# MY17 Orange Caliper Paint?



## IanLockwood (Jan 23, 2017)

Anyone had to touch-up their caliper paint on an MY17 yet? Found a stone chip on mine the other day. 

Found a thread with people talking about a gold or brass metallic (YR532M from Paints4U or a Humbrol like this: https://www.ebay.co.uk/itm/121289026056?clk_rvr_id=1429919579709&rmvSB=true)

However, not sure that's right for MY17 - I think the calipers are a different colour?


----------



## schnabulator (Apr 15, 2008)

Hi guys, i want to share my experience with you.

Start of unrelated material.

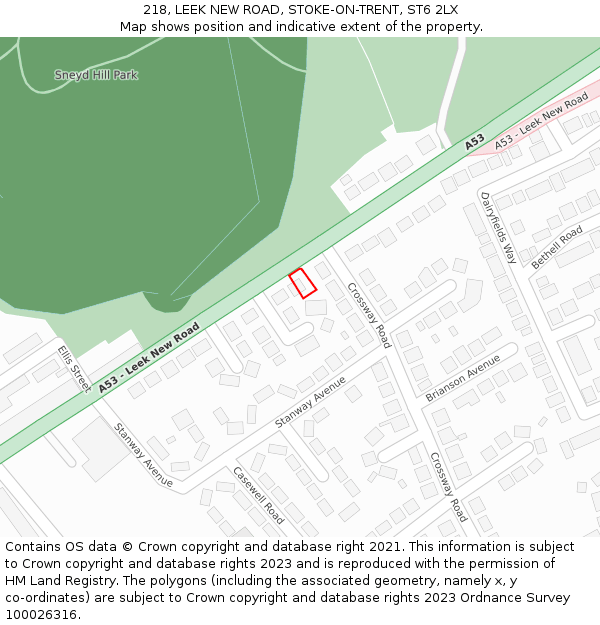 218, LEEK NEW ROAD, STOKE-ON-TRENT, ST6 2LX: Location map and indicative extent of plot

I used Revell 32192 - brass, metallic to touch-up my calipers.
It does nearly match the color but the paint is not very resistant against solvent. i would be a good idea to put some 2-component clear coat on top of the touch-up.

I found a Revell to Humbrol color conversion chart. It says, that Revell 92 is the same color as the Humbrol 54.
www.models2u.co.uk/downloads/PaintChart-RtoH.PDF

Here is another color conversion chart VALLEJO Paint (801 would match our calipers too).
www.gaugemaster.com/revell/Revell_Paint_Conversion_Chart.pdf

I hope that helps you.


----------



## Scott (Jun 29, 2001)

Great tip, thanks. :bowdown1:

I've a couple of chips on my 34 caliper that have been bugging me for years!! :smokin:


----------



## IanLockwood (Jan 23, 2017)

Brilliant, thanks mate, that's excellent info. 

Time to buy some paint!


----------



## IanLockwood (Jan 23, 2017)

Hi all, bringing this up again as having tried the Humbrol, it's nowhere near the colour of MY17 orange calipers.

I'm finding it very difficult to tell from photos on the web whether pre-MY17 calipers are the same colour - they look more gold, MY17 are definitely an orange metallic.

Can anyone confirm (a) if they are different colours and if so, (b) what on earth do I need to get a match for the orange!? ?


----------